- **Problem requirements**:
The lines below, from the one holding "this 320×180 image." through the final line, are to be copied exactly, with no other lines and no pictures.
--- Records for this exercise ---
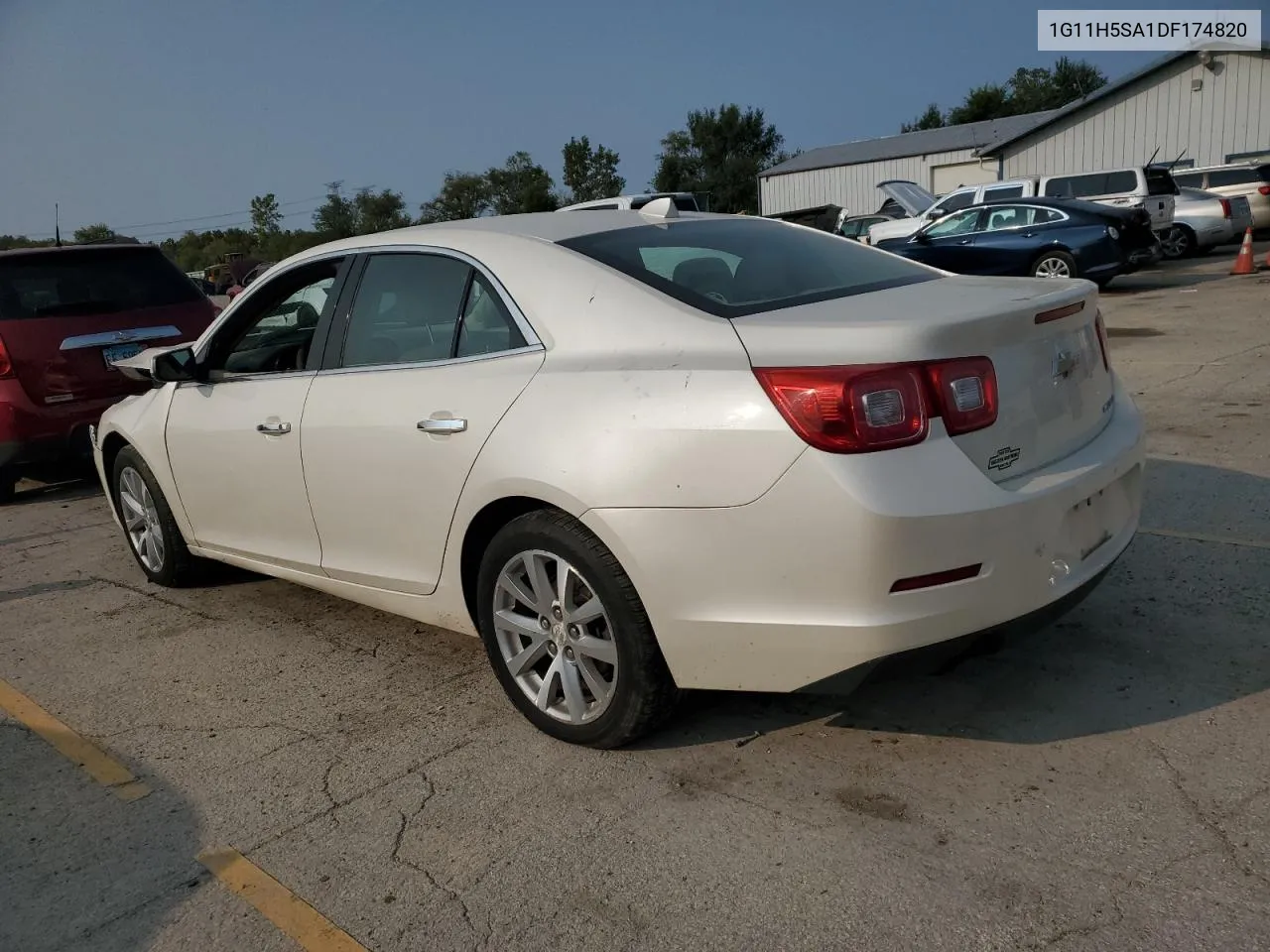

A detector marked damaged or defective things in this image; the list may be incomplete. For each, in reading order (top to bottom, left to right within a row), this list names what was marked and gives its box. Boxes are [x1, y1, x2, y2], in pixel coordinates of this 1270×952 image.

cracked pavement [2, 255, 1270, 952]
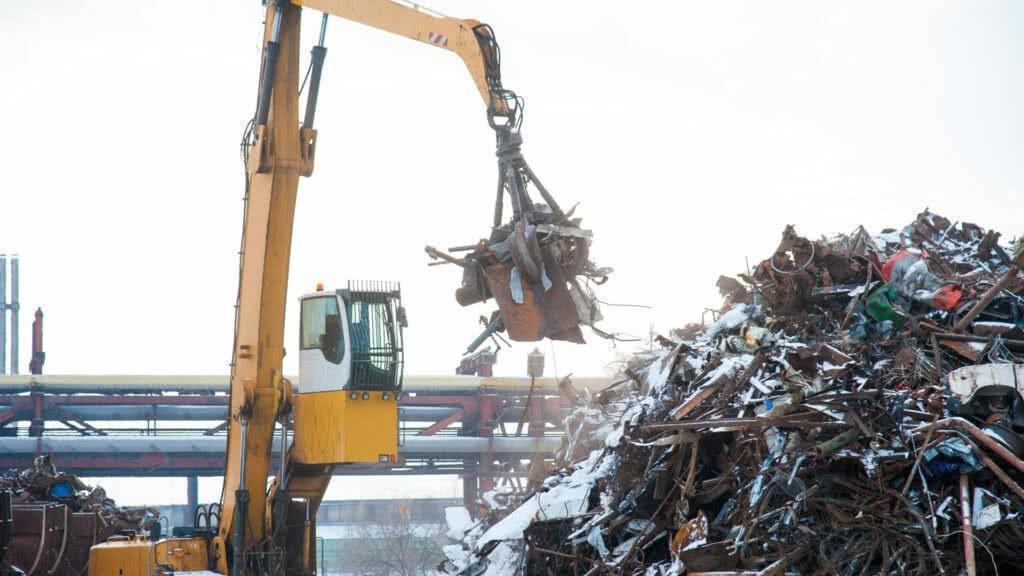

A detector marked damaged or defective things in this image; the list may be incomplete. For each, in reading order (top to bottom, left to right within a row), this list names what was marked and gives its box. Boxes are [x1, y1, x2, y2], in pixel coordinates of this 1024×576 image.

rusty debris [438, 210, 1024, 576]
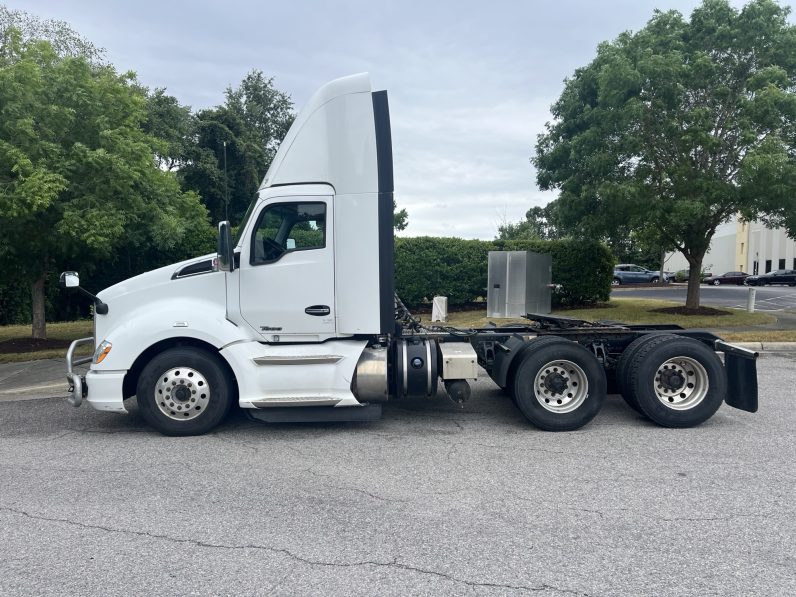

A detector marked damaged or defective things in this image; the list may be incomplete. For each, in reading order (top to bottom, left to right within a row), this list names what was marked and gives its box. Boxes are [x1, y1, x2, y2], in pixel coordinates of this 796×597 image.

crack in asphalt [0, 506, 592, 592]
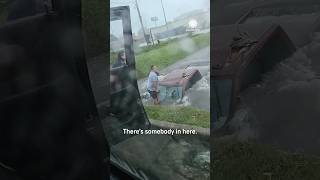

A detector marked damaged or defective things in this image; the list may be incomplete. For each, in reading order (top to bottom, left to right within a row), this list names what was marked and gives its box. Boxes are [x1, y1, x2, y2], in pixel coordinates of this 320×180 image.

overturned vehicle [212, 23, 298, 129]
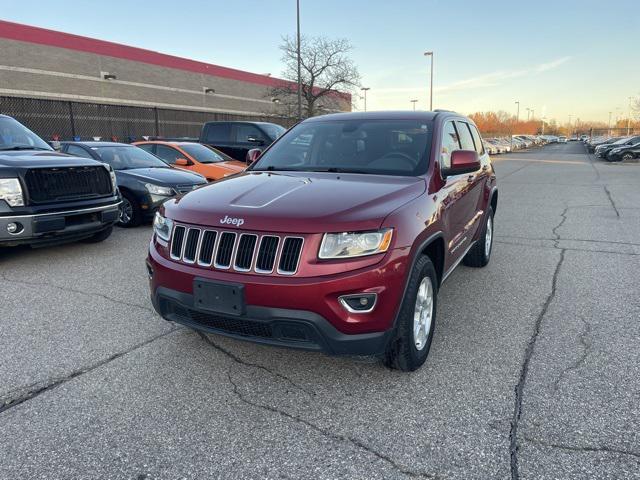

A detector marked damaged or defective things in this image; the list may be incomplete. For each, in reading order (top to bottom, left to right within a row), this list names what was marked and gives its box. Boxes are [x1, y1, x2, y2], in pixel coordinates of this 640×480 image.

crack in pavement [604, 187, 620, 218]
crack in pavement [0, 272, 155, 314]
crack in pavement [0, 328, 180, 414]
crack in pavement [195, 330, 316, 398]
crack in pavement [510, 207, 568, 480]
crack in pavement [225, 372, 440, 480]
crack in pavement [524, 436, 640, 462]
---
- **Output of the task**:
A detector marked damaged or defective things in this image; the list may be incomplete. For each, in reading order (top to bottom, left to right within a row), this list names what was marked and gives its box. Boxes are [x1, y1, x2, y2], in pixel coordinates of this 320×180 image.

overturned vehicle [212, 23, 298, 129]

A detector marked damaged or defective things in this image; the list may be incomplete. For each, in reading order (top to bottom, left to right within a row), this list names what was marked and gives its box. Boxes are [x1, y1, x2, y2], in pixel coordinates of this 640×480 image.

crack in pavement [604, 187, 620, 218]
crack in pavement [0, 272, 155, 314]
crack in pavement [0, 328, 180, 414]
crack in pavement [195, 330, 316, 398]
crack in pavement [510, 207, 568, 480]
crack in pavement [225, 372, 440, 480]
crack in pavement [524, 436, 640, 462]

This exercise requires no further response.